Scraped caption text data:
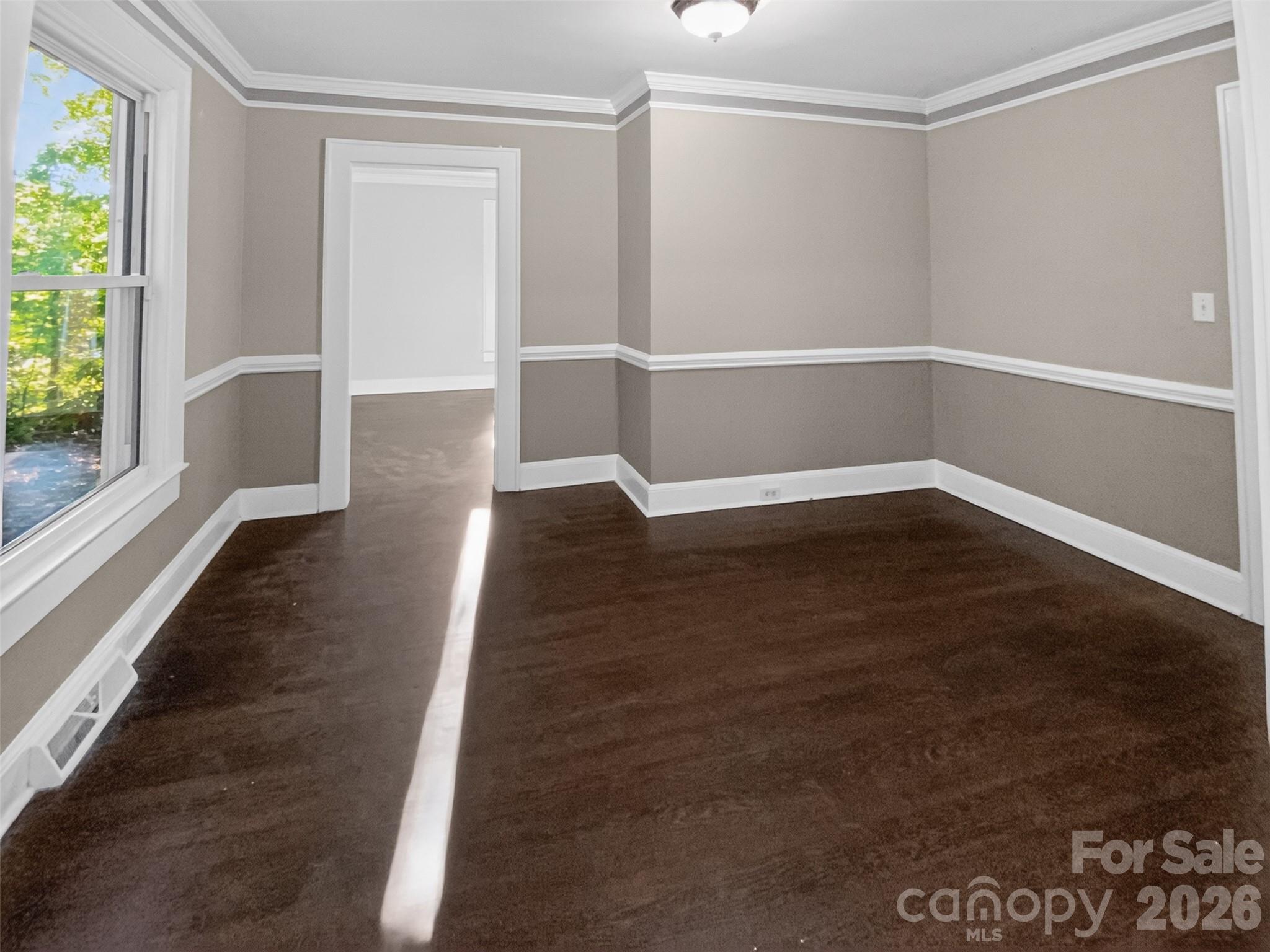 208 N 5th Street Property Photo 7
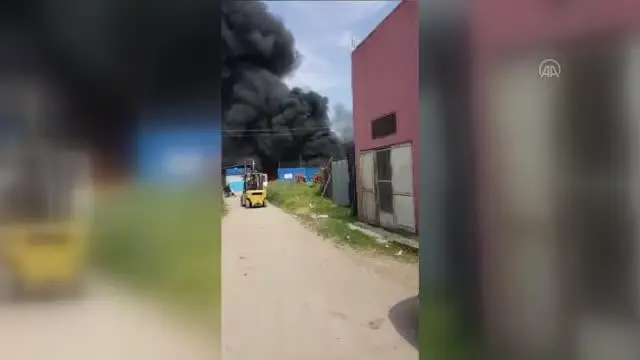 Atık toplama tesisinde çıkan yangın hasara neden oldu Atık toplama tesisinde çıkan yangın hasara neden oldu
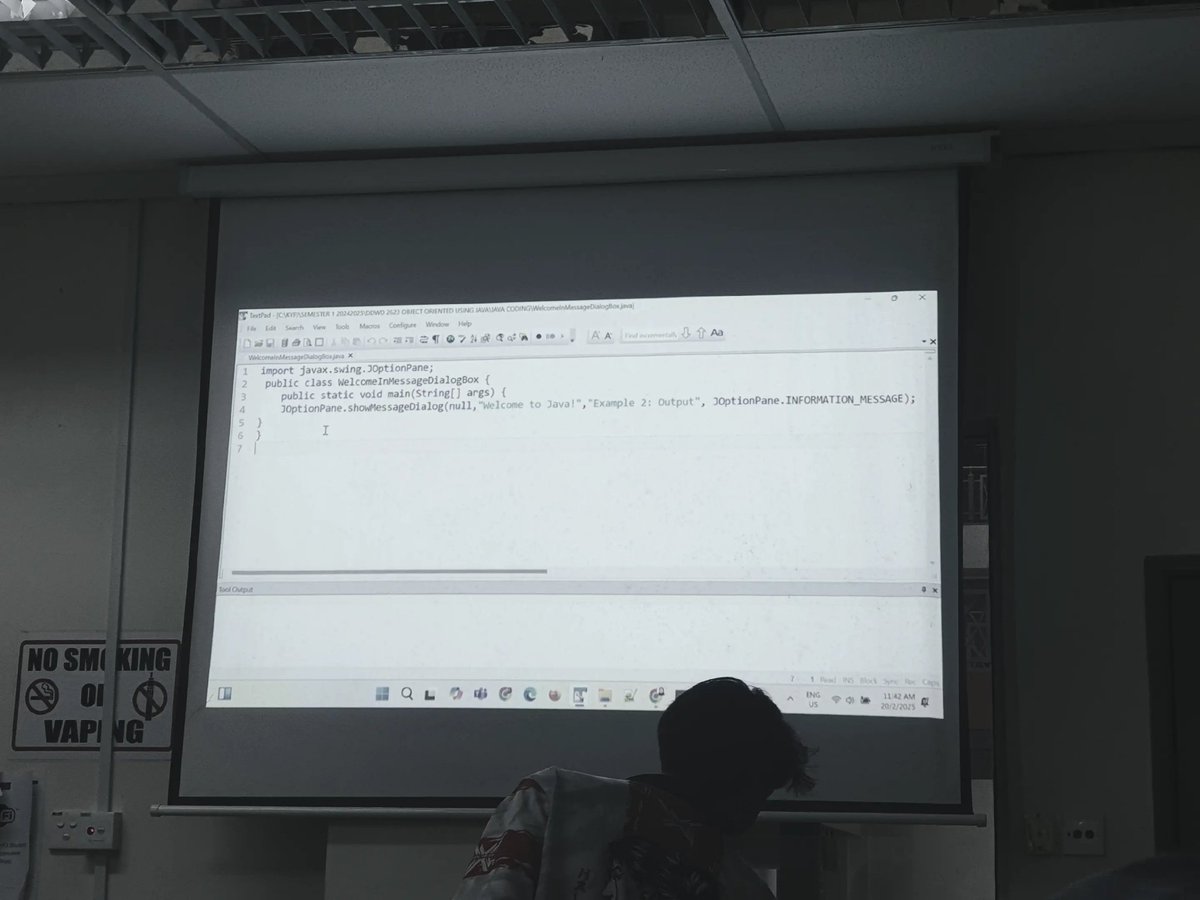 HadifP94775's tweet image. First time #Programming using #Java via #TextPad.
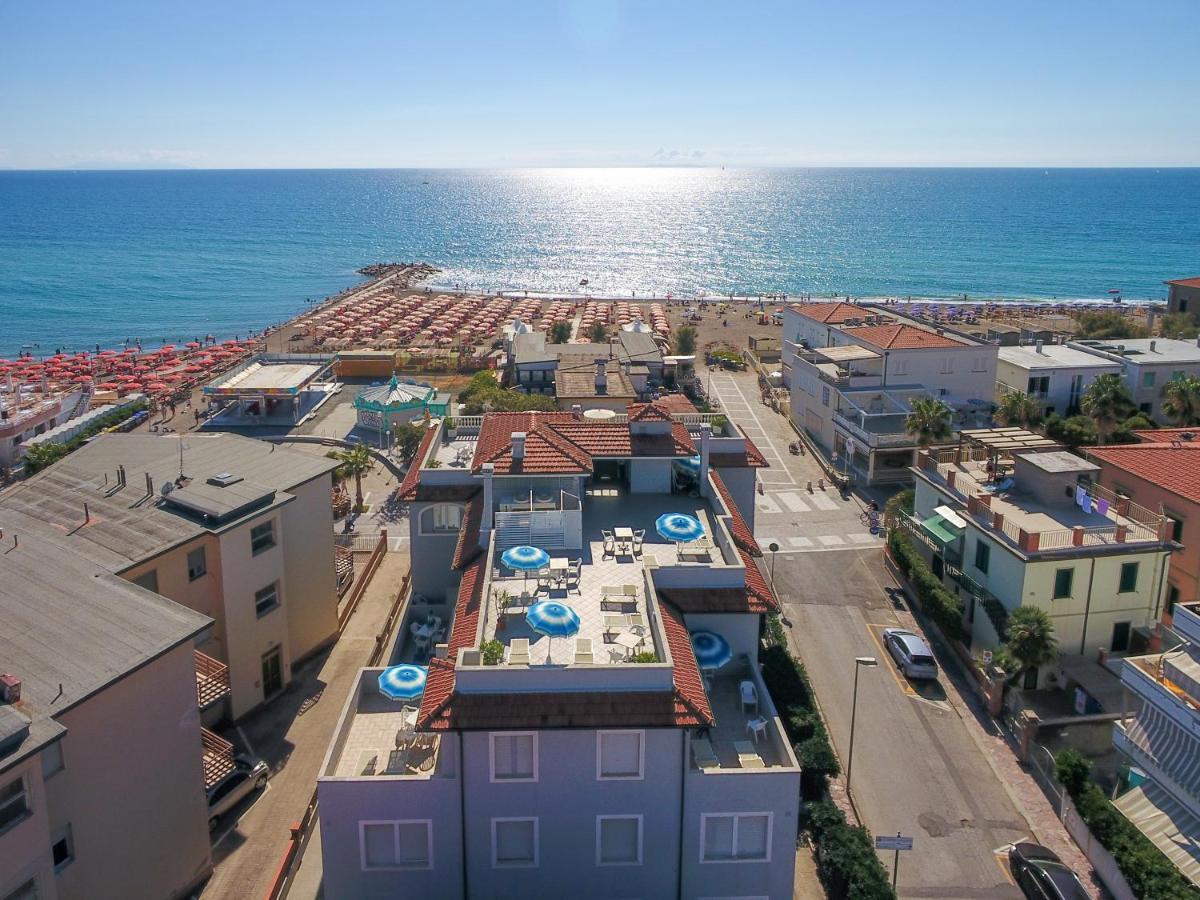Hg Hotel Il Settebello Marina di Cecina Εξωτερικό φωτογραφία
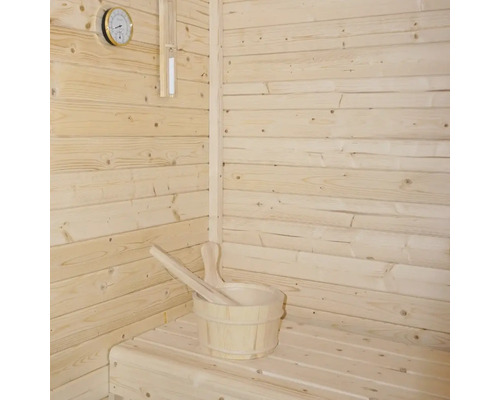 Träbastu med trähink, skopa, timglas och termometer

**DIRECTIONS**
Return each line of the data, keeping its wording exact and omitting pictures.

**ANSWER BELOW**
 208 N 5th Street Property Photo 7
 Atık toplama tesisinde çıkan yangın hasara neden oldu Atık toplama tesisinde çıkan yangın hasara neden oldu
 HadifP94775's tweet image. First time #Programming using #Java via #TextPad.
Hg Hotel Il Settebello Marina di Cecina Εξωτερικό φωτογραφία
 Träbastu med trähink, skopa, timglas och termometer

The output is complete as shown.